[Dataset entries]
════════════════════

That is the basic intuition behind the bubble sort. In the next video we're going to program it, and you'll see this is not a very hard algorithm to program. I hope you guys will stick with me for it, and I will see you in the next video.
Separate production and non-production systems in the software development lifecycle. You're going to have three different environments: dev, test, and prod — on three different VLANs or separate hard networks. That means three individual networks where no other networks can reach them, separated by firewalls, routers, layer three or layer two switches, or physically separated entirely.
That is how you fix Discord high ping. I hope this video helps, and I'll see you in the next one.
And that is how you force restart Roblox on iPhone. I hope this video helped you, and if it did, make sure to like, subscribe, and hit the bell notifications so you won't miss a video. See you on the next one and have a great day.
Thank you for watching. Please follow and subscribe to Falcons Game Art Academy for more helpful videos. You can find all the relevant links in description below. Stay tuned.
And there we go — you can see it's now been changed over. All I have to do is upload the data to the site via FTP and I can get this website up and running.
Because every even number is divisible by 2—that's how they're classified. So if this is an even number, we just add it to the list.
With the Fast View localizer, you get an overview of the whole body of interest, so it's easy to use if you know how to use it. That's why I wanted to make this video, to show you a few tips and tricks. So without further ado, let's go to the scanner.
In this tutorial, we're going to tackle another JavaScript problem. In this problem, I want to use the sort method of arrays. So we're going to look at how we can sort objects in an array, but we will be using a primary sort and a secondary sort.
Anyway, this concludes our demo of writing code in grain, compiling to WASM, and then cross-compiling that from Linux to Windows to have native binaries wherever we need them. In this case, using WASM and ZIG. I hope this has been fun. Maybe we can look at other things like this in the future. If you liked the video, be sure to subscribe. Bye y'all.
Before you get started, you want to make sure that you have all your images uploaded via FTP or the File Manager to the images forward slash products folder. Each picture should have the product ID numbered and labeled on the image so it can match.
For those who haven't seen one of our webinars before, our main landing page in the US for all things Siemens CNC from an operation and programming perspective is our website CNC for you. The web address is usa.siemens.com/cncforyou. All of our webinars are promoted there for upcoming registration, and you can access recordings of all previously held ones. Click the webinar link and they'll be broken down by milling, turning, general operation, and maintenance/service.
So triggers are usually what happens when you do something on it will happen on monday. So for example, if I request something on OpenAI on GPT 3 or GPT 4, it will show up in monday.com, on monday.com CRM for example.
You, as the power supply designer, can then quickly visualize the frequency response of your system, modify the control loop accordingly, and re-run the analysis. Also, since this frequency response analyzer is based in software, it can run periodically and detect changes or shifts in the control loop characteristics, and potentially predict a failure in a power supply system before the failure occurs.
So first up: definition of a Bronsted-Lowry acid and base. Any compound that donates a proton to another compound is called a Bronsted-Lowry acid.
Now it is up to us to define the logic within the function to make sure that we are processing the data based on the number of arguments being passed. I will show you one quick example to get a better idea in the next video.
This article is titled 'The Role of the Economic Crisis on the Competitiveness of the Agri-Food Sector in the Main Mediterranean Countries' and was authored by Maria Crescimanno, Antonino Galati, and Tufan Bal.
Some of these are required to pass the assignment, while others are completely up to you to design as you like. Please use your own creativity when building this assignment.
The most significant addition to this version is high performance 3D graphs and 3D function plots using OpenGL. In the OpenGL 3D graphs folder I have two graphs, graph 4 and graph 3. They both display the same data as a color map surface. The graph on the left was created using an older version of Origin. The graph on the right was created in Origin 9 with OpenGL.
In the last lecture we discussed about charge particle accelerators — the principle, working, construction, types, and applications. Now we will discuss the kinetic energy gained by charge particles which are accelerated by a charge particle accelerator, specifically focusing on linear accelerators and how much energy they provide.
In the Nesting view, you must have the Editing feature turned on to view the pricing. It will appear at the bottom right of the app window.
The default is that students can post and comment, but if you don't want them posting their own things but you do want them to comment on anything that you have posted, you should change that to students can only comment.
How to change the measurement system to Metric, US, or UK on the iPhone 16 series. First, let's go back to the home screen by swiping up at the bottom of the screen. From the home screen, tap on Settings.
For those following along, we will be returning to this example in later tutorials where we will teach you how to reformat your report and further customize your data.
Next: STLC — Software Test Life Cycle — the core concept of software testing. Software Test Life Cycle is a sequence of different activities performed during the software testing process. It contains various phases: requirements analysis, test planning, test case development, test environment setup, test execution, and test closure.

════════════════════

Reproduce each line from the records that contains the word "subscribe".

And that is how you force restart Roblox on iPhone. I hope this video helped you, and if it did, make sure to like, subscribe, and hit the bell notifications so you won't miss a video. See you on the next one and have a great day.
Thank you for watching. Please follow and subscribe to Falcons Game Art Academy for more helpful videos. You can find all the relevant links in description below. Stay tuned.
Anyway, this concludes our demo of writing code in grain, compiling to WASM, and then cross-compiling that from Linux to Windows to have native binaries wherever we need them. In this case, using WASM and ZIG. I hope this has been fun. Maybe we can look at other things like this in the future. If you liked the video, be sure to subscribe. Bye y'all.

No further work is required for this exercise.